Ari Virrey
A Chaotic Neutral Blog:
    About     Archive     Feed

Fsis Recall Data

Welcome to the first posting!

I put in in my head to enact a ‘one-analysis-per-day’ rule, and this is the first result. I ventured over to Data.gov to find some recall information. Source URL. This data is for recall information from the Food Safety and Inspection Service (FSIS).

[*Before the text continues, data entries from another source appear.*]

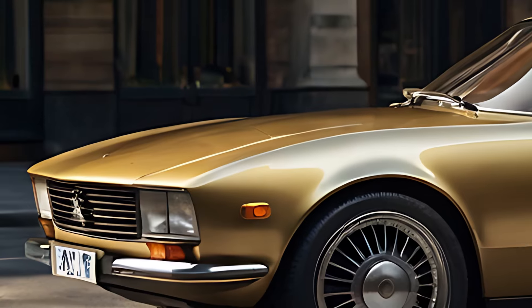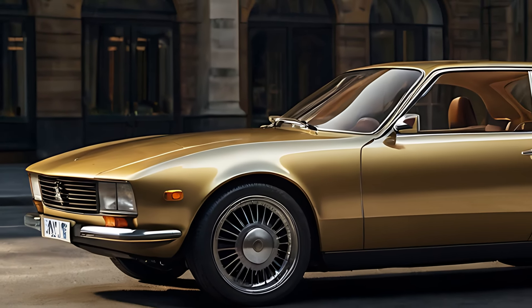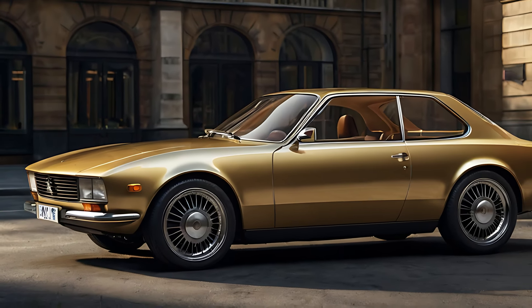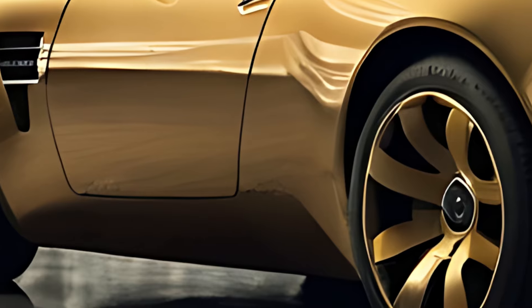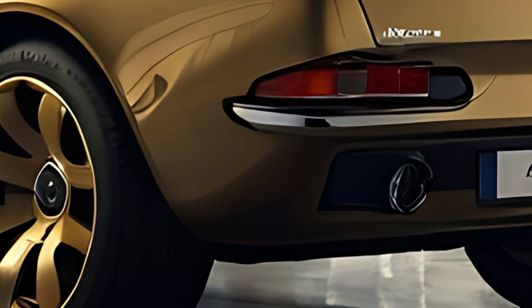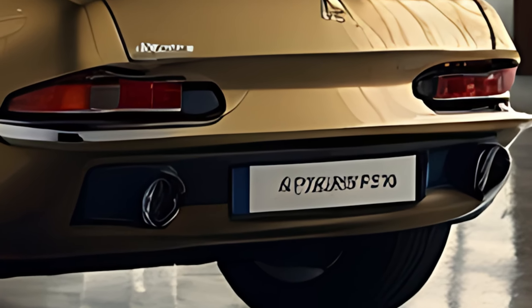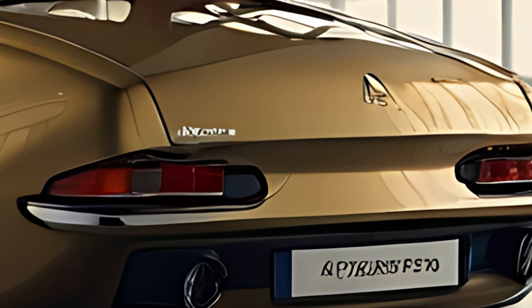The 2025 Peugeot 504 Coupe preserves the graceful proportions of the original 504 Coupe, with a sleek, low-slung body and elegant lines that exude classic French design. The distinctive front grille, slim LED headlights, and a sculpted hood bring a modern edge to the car's iconic appearance. Its coupe profile, with a long hood and short rear, gives it a sporty stance, while the retro-inspired round taillights add a touch of nostalgia.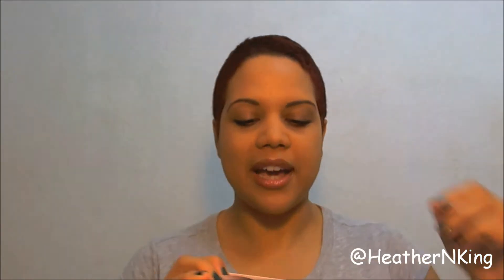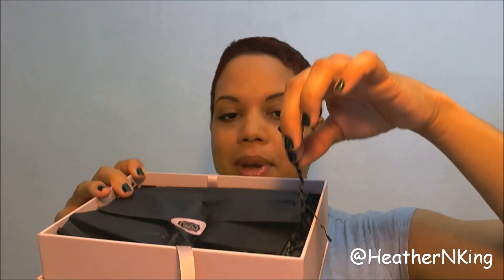It's always very pretty the way they package it. They've got the ribbon, the tissue paper, the sticker, and the little paper filling.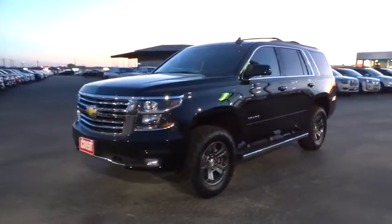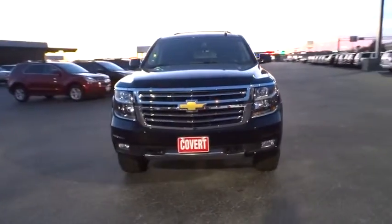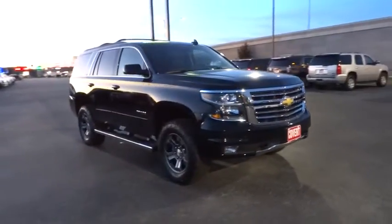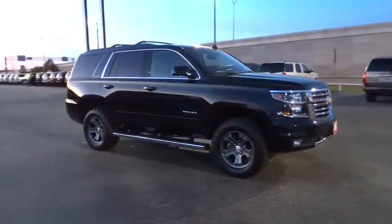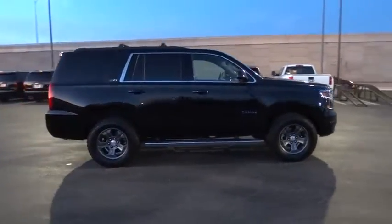2015 Tahoe. The Tahoe has been the best-selling sports utility vehicle, accounting annually for more than 25% of all full-size SUV registrations in the United States. This vehicle has less than 2,000 miles.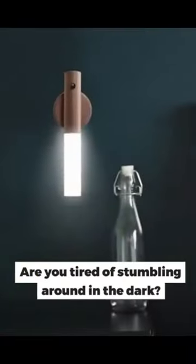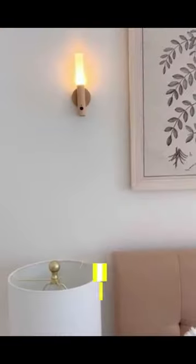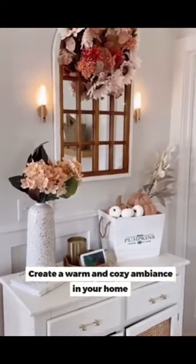Tired of stumbling around in the dark? I got the best solution for you. Introducing Magnetic Night Light, create a warm and cozy ambience in your home.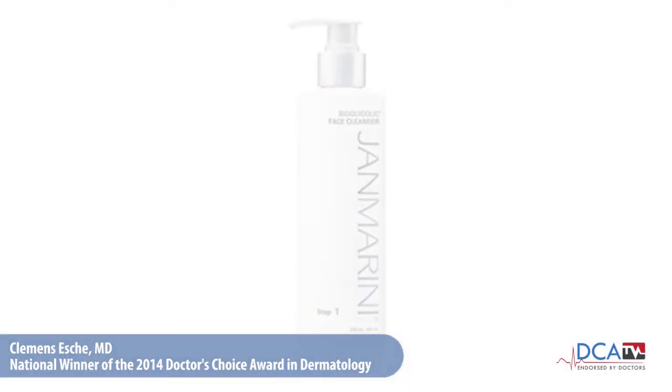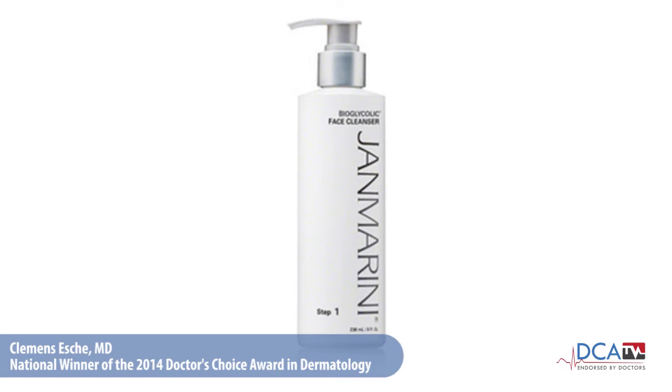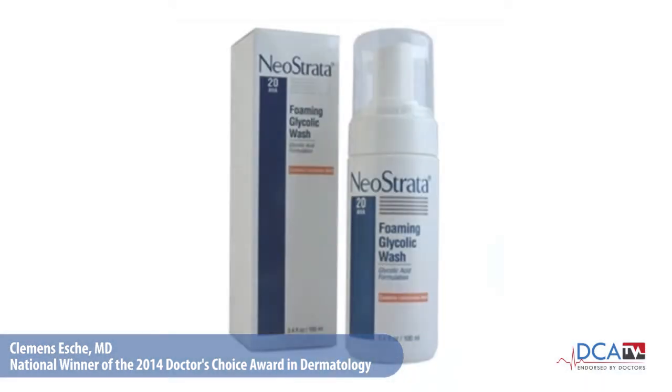Bio-Glycolic Facial Cleanser from Jeanne Marini is a great product for starters. It has 12% glycolic acid. You apply one pump with dry hands and rinse off with warm water. While Foaming Glycolic Wash from NeoStrata is more a product for the experienced glycolic acid user who is ready to kick results up a notch. The Foaming Glycolic Wash is stronger — it has 18% glycolic acid instead of just 12%.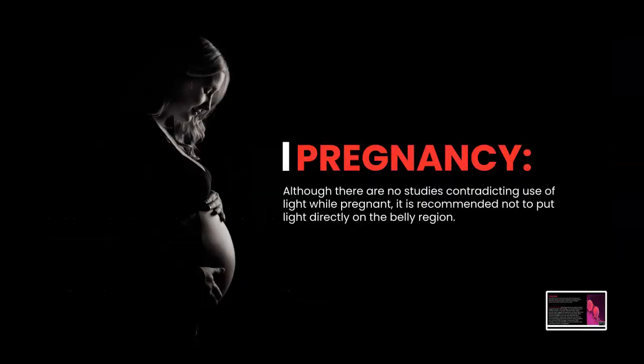Pregnancy. Although there are no studies contradicting use of light while pregnant, it is recommended not to put light directly on the belly region. I believe we will soon have studies showing no ill effects, but rather positive results for both the mother and child. If you are pregnant, you can certainly use light everywhere else, but as always consult your doctor first.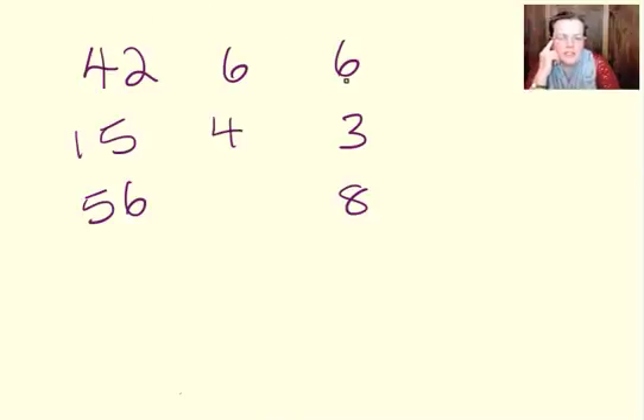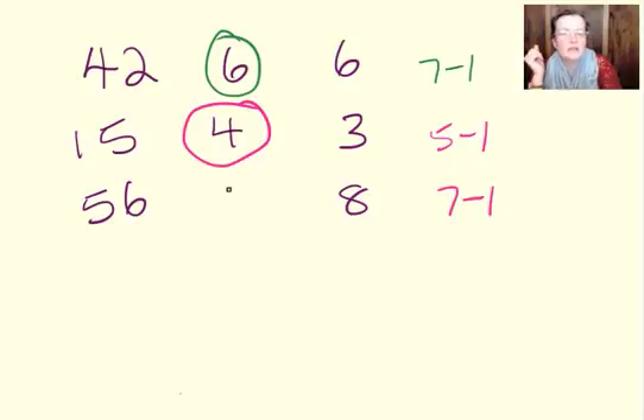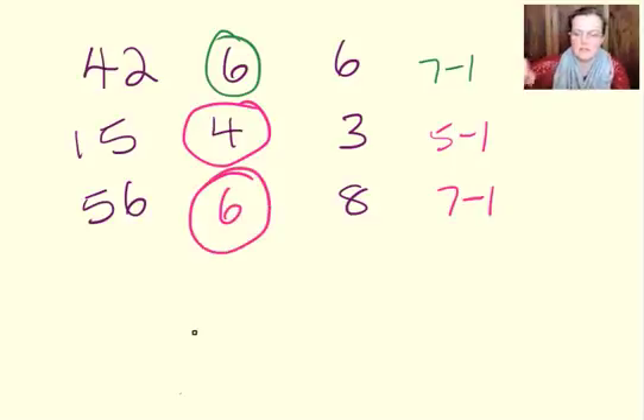So 42 divided by 6 is 7. Not quite — there's always a tweak. Well, not always, but often a tweak. So 42 divided by 6 is 7, takeaway 1 equals 6. Now, 15 divided by 3 is 5. Takeaway 1 is 4. So 56 divided by 8 is 7. Takeaway 1 is 6. So that was our answer for that.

After converting to CSV and some minor cleaning, I used the following code to convert it into a pandas data frame for some basic exploratory data analysis. This is not in-depth, but more of an attempt to get more practice with pandas data frames. Future analysis will get deeper as I learn and get more comfortable with Python. Comments appreciated in support of the learning process.

Here we go

Data is from 2005 to 2014. As such, this for loop imports all the CSV files I have stored locally. I encountered a utf-8 error and thanks to the folks at Stackoverflow I was able to determine that this encoding would help resolve my issue. Problem solved!

import pandas as pd
import matplotlib.pyplot as plt
from datetime import datetime as dt

%matplotlib inline

def get_data(myvar):
    pth = "/Users/ari/ds/gitblog/FSIS Recall Info/r{}.csv"
    df = []
    for i in myvar:
        fullpath = pth.format(i)
        df.append(pd.read_csv(fullpath, encoding = "ISO-8859-1"))
    return pd.concat(df)

yrs = list(range(2005,2015,1))
rdf = get_data(yrs)

Here we do a bit of additional data cleaning. Data in the ‘recall pounds’ field was not all numeric, so if it was not a number I threw it out. Additionally, we take the provided date format (e.g. Sep 23 2005) and converting to a datetime format.

rdf[pd.to_numeric(rdf['rPounds'], errors='coerce').notnull()].reset_index()
rdf['rDt'] = pd.to_datetime(rdf['rDt'],format='%b %d %Y')
rdf.dropna();

I wanted to do a quick summary by Years and Months, so I added these to the DataFrame object.

rdf['rYr'] = pd.DatetimeIndex(rdf['rDt']).year
rdf['rMo'] = pd.DatetimeIndex(rdf['rDt']).month

We then plot the Year info.

sDt1 = rdf.rYr.value_counts().sort_index()
sDt1.plot();

Image test

Lastly we plot the Months data as a bar.

sDt2 = rdf.rMo.value_counts().sort_index()
sDt2.plot.bar(color='skyblue');

Image test

Stay Chaotic – Stay Neutral

ARI